HΛZΛRDOUS#

Gradient-boosting Survival Analysis and Competing Risks#

  • Survival Analysis, Competing Risks

  • scikit-learn compatible

  • scalable gradient boosting

hazardous is a Python library for survival analysis -i.e. time-to-event prediction- and competing risks settings. It introduces SurvivalBoost, a scalable gradient-boosting model designed for this task.

With a scikit-learn-compatible API, the library also offers various metrics for model evaluation adapted for the competing risks setting:

  • Integrated Brier Score

  • C-index

  • Accuracy in Time: the ability to predict the observed event at a given time horizon.

What is the difference between Survival Analysis and the Competing risks setting?#

In contrast to the Survival Analysis setting, the Competing Risks setting accounts for the possibility that multiple event of interest may occur, not just a single event.

It focuses on predicting which event will occur first and when, based on data where some events have not yet been observed.

_images/competing_risk_diagram.svg

What is SurvivalBoost?#

SurvivalBoost is a gradient-boosting variant, that offers prediction for survival and competing risks settings, fully compatible with scikit-learn. It can be used with scikit-learn tools such as pipelines, column transformers, cross-validation, hyper-parameter search tools, etc. Using a novel strictly proper scoring rule, the model is trained to predict the cumulative incidence function and the survival function at any horizon. SurvivalBoost puts a focus on predictive the accuracy -defined as the ability to predict the observed event- rather than on inference.
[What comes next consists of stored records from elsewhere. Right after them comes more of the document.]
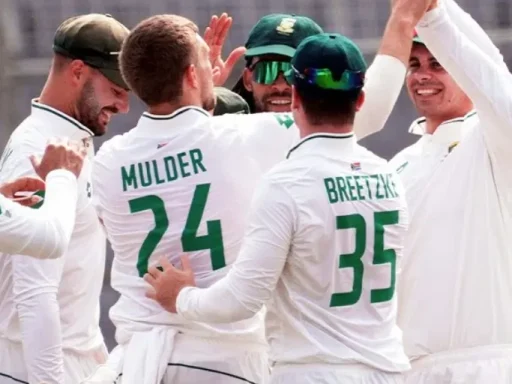 South African cricket team celebrating on field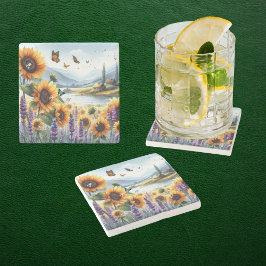 Wilde Sonnenblumen und Lavender Steinuntersetzer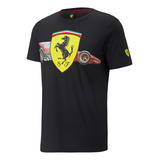 Camiseta Ferrari Puma Race Her Shield Preta Original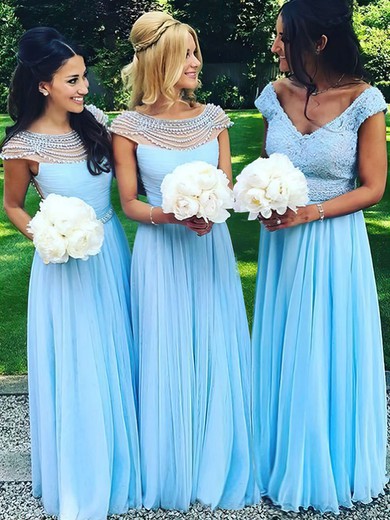 A-line Scoop Neck Chiffon Tulle Pearl Detailing Floor-length Pretty Bridesmaid Dresses #Milly01012921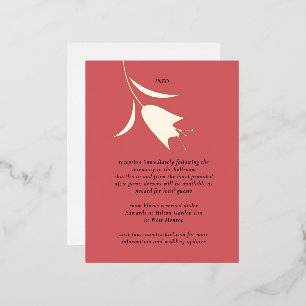 POSTALE DE VACANCES EN ALUMINIUM MOD FOIL TULIP MARIAGE CARTE D'ENCLOTURE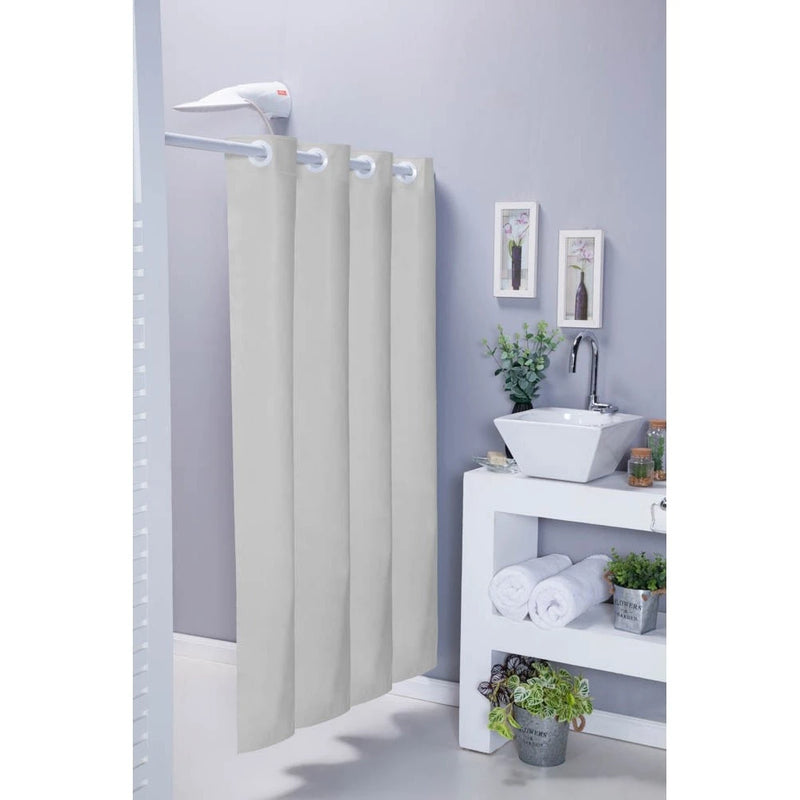 Cortina Box Banheiro 1.40m x 2.50m Antimofo 100% PVC Com Ganchos (Ilhós)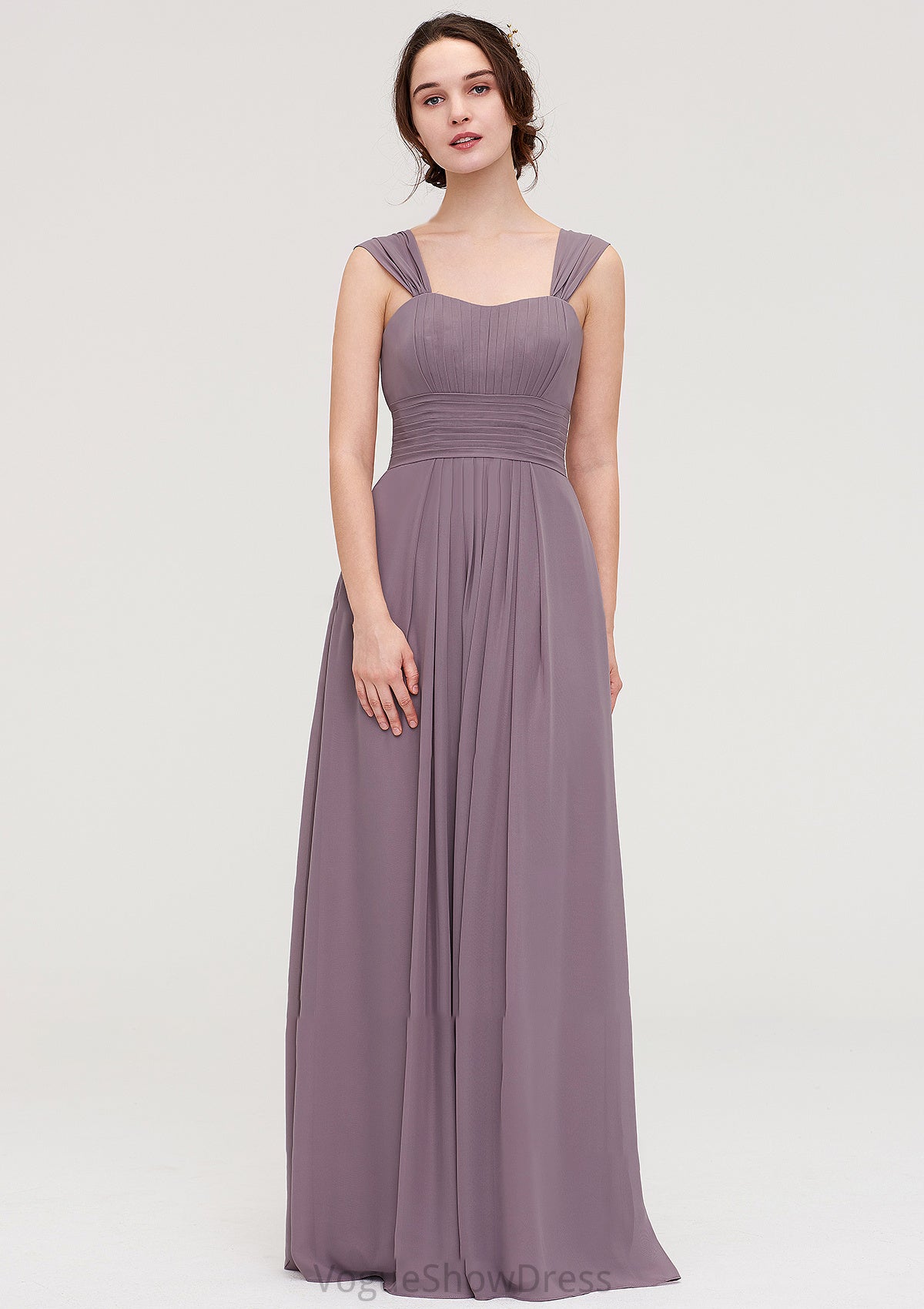 Square Neckline Sleeveless Chiffon Long/Floor-Length A-line/Princess Bridesmaid Dresses With Pleated Taryn DLP0025356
Additional theoretical details about the model can be found in Survival Models: Proper Scoring Rule and Stochastic Optimization with Competing Risks.

See also

The library relies on lifelines for the Kaplan-Meier estimator used in SurvivalBoost. We extend our gratitude to the authors of lifelines for their significant contributions to the survival analysis community, including the implementation of models such as the Kaplan-Meier, Cox model, and Aalen-Johansen, as well as metrics like the C-index and Brier Score.

Note

Quantifying the statistical association or causal effect of covariates on the cumulative event incidence or instantaneous hazard rate is currently beyond the scope of this library.